Elsevier

European Journal of Cancer

Volume 76, May 2017, Pages 100-109
European Journal of Cancer

Review
Cancer immunotherapy targeting the CD47/SIRPα axis

https://doi.org/10.1016/j.ejca.2017.02.013Get rights and content

Abstract

The success of cancer immunotherapy has generated tremendous interest in identifying new immunotherapeutic targets. To date, the majority of therapies have focussed on stimulating the adaptive immune system to attack cancer, including agents targeting CTLA-4 and the PD-1/PD-L1 axis. However, macrophages and other myeloid immune cells offer much promise as effectors of cancer immunotherapy. The CD47/signal regulatory protein alpha (SIRPα) axis is a critical regulator of myeloid cell activation and serves a broader role as a myeloid-specific immune checkpoint. CD47 is highly expressed on many different types of cancer, and it transduces inhibitory signals through SIRPα on macrophages and other myeloid cells. In a diverse range of preclinical models, therapies that block the CD47/SIRPα axis stimulate phagocytosis of cancer cells in vitro and anti-tumour immune responses in vivo.

A number of therapeutics that target the CD47/SIRPα axis are under preclinical and clinical investigation. These include anti-CD47 antibodies, engineered receptor decoys, anti-SIRPα antibodies and bispecific agents. These therapeutics differ in their pharmacodynamic, pharmacokinetic and toxicological properties. Clinical trials are underway for both solid and haematologic malignancies using anti-CD47 antibodies and recombinant SIRPα proteins. Since the CD47/SIRPα axis also limits the efficacy of tumour-opsonising antibodies, additional trials will examine their potential synergy with agents such as rituximab, cetuximab and trastuzumab. Phagocytosis in response to CD47/SIRPα-blocking agents results in antigen uptake and presentation, thereby linking the innate and adaptive immune systems. CD47/SIRPα blocking therapies may therefore synergise with immune checkpoint inhibitors that target the adaptive immune system. As a critical regulator of macrophage phagocytosis and activation, the potential applications of CD47/SIRPα blocking therapies extend beyond human cancer. They may be useful for the treatment of infectious disease, conditioning for stem cell transplant, and many other clinical indications.

Introduction

The field of immuno-oncology has rapidly translated hypothetical concepts into clinical strategies, yielding a new era of cancer investigation and treatment. A large emphasis has been placed on therapies that stimulate the adaptive immune system to attack cancer, in particular T cells. This is rightfully due to the success of immune checkpoint inhibitors targeting CTLA-4 and the PD-1/PD-L1 axis, which disable inhibitory signals to T cells and generate anti-tumour responses. However, both adaptive and innate immune cells are endowed with specialised functions to eliminate pathogens, and many of these functions can be redirected against tumours. Cells of the myeloid lineage are the most abundant immune cells in the body, yet few immunotherapeutic approaches have been aimed at stimulating them to attack cancer. Macrophages in particular have remarkable potential as mediators of anti-cancer therapies based on their robust ability to perform phagocytosis. However, macrophages have a complex relationship with tumours, and in many cases they may promote tumour growth or metastasis.

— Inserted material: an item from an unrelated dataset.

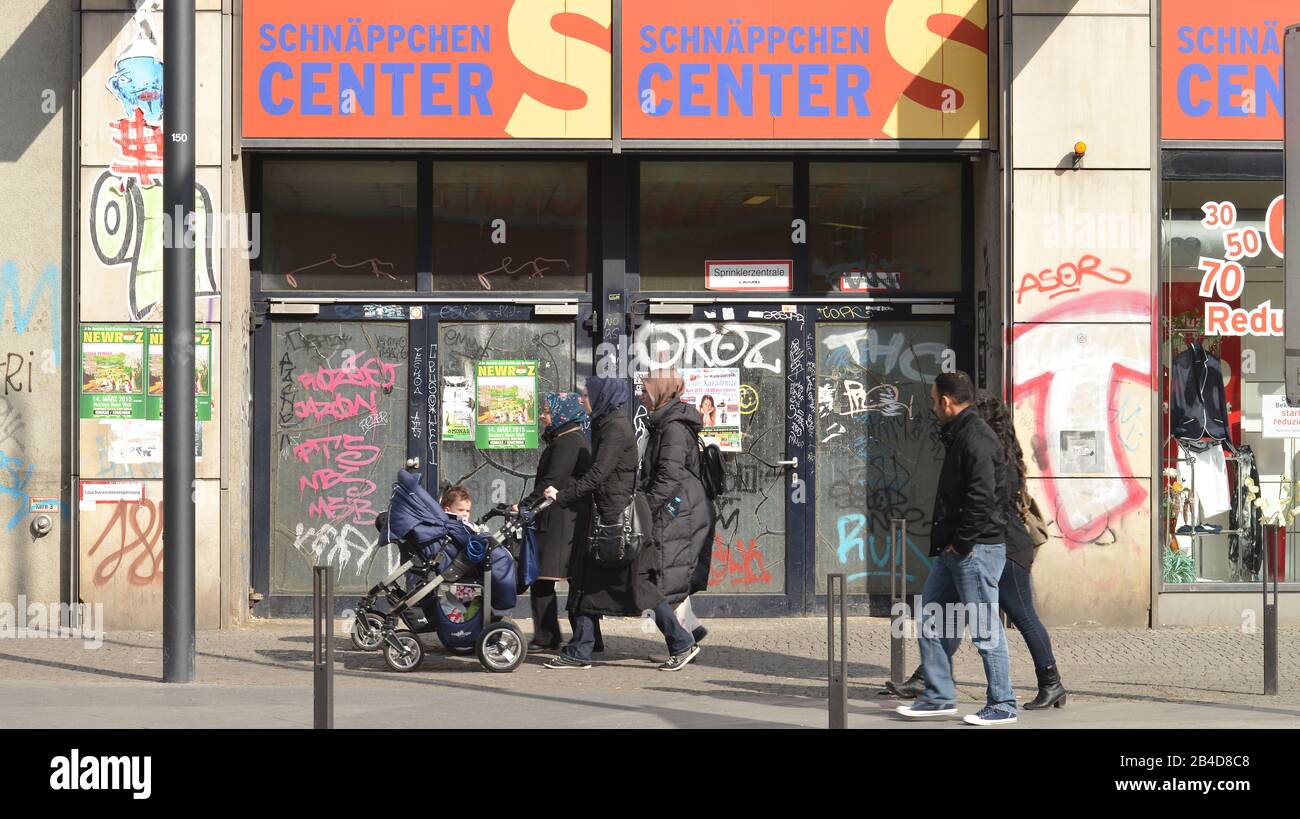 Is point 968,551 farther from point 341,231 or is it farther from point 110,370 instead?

The CD47/signal regulatory protein alpha (SIRPα) axis is a critical molecular interaction that inhibits the activation of macrophages and other myeloid cells against tumours and thereby acts as a myeloid-specific immune checkpoint (Fig. 1). Therapies targeting the CD47/SIRPα axis have demonstrated success in a wide range of preclinical models and are now under investigation in clinical trials for both solid and haematologic malignancies. The CD47/SIRPα axis has emerged as one of the most promising new targets for immuno-oncology.

Section snippets

Discovery of CD47 as a ‘marker of self’

CD47 is a 50 kDa multipass transmembrane protein with an extracellular region composed of a single immunoglobulin superfamily (IgSF) domain. Early studies described CD47 as a molecule expressed by a variety of ovarian cancers [1], a cell-surface protein that interacted with integrins on haematopoietic cells [2] and a glycoprotein on the surface of red blood cells [3]. A unifying theme to these studies and subsequent investigations was widespread expression of CD47 on both normal and malignant

Molecular characterisation of the CD47/SIRPα interaction

Extensive biophysical characterisation of the CD47/SIRPα interaction has been performed, including crystallographic analysis of the extracellular domain of SIRPα alone an in complex with CD47 [10], [11]. These studies have demonstrated that the distal, N-terminal domain of SIRPα is responsible for contacting CD47 [11], [12]. SIRPα was first characterised as a receptor tyrosine kinase that associates with the inhibitory phosphatases SHP-1 and SHP-2 [13]. SIRPα has three extracellular IgSF

The CD47/SIRPα axis in cancer

Expanding on knowledge of CD47 in bone marrow engraftment, the functional role of CD47 in protecting haematopoietic stem cells (HSCs) was further examined. HSCs intermittently enter into a migratory phase during which they exit the bone marrow and circulate systemically through the blood stream [23]. These migratory HSCs upregulate CD47 on their surface to avoid removal by macrophages of the reticuloendothelial system [23]. A similar mechanism is employed by acute myelogenous leukaemia (AML)

Mechanisms of action

Throughout these studies, the predominant mechanism of action investigated has been macrophage activation. In vitro, CD47 blockade stimulates macrophage phagocytosis of cancer cells, a finding that has been extensively validated by microscopy and flow cytometry [24], [25], [28], [31], [33]. In vivo, treatment of mice with liposomal clodronate—which depletes macrophages—abrogates the tumouricidal effects of CD47-blocking therapies, indicating macrophage are required for robust anti-tumour

Approaches to targeting the CD47/SIRPα axis

A variety of therapeutics targeting the CD47/SIRPα axis are under preclinical and clinical investigation, including conventional antibodies, recombinant polypeptides, and bispecific molecules (Table 1). For each of these agents, there exist benefits and tradeoffs for successful translation to the clinic. Special considerations pertain to each agent's efficacy, toxicity, and pharmacokinetic and pharmacodynamic properties.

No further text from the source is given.